What the task requires >> Please copy exactly the lines that begin with the one containing "Surfboard Beach Baby" and end with the last line of the entries.
Data extract section start
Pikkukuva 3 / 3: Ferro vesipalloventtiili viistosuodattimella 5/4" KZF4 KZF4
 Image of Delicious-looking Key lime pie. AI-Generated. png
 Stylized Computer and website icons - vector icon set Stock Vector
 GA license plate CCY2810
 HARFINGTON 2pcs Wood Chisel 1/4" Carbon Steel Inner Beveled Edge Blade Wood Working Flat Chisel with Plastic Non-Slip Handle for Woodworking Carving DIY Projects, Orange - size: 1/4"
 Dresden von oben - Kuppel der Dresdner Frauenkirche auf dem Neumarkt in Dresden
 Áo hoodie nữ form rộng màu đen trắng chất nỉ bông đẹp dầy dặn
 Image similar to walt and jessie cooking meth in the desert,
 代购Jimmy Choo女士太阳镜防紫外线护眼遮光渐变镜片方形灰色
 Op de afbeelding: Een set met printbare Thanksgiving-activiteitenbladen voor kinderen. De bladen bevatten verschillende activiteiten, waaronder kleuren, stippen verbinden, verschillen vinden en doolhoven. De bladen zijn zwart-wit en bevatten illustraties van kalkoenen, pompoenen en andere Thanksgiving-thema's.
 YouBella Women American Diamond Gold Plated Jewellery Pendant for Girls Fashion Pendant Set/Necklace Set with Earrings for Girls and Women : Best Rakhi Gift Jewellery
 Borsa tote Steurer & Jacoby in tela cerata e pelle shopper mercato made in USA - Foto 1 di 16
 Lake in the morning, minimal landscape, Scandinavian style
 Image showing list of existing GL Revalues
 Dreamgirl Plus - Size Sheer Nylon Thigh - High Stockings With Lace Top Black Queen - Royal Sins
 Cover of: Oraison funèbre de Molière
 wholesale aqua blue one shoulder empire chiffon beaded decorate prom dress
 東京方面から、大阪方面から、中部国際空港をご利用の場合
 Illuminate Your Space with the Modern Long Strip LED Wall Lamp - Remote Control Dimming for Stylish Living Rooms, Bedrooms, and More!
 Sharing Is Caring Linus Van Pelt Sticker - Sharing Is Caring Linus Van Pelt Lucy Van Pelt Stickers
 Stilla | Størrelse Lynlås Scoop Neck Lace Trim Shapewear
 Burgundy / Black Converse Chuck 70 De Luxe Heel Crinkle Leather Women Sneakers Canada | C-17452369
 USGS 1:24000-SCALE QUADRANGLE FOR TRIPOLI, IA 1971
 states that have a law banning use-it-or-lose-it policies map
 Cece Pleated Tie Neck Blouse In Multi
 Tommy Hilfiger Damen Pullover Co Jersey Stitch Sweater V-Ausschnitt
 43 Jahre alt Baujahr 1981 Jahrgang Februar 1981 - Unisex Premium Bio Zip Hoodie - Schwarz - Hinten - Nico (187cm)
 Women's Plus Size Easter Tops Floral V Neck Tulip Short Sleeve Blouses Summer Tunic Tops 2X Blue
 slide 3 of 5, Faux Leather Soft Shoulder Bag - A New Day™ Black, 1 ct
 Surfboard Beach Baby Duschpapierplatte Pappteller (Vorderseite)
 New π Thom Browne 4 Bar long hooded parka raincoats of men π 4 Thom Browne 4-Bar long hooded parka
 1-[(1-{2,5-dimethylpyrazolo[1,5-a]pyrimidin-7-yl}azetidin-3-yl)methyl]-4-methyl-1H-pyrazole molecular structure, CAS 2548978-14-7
Data extract section end
Finished task >>
 Surfboard Beach Baby Duschpapierplatte Pappteller (Vorderseite)
 New π Thom Browne 4 Bar long hooded parka raincoats of men π 4 Thom Browne 4-Bar long hooded parka
 1-[(1-{2,5-dimethylpyrazolo[1,5-a]pyrimidin-7-yl}azetidin-3-yl)methyl]-4-methyl-1H-pyrazole molecular structure, CAS 2548978-14-7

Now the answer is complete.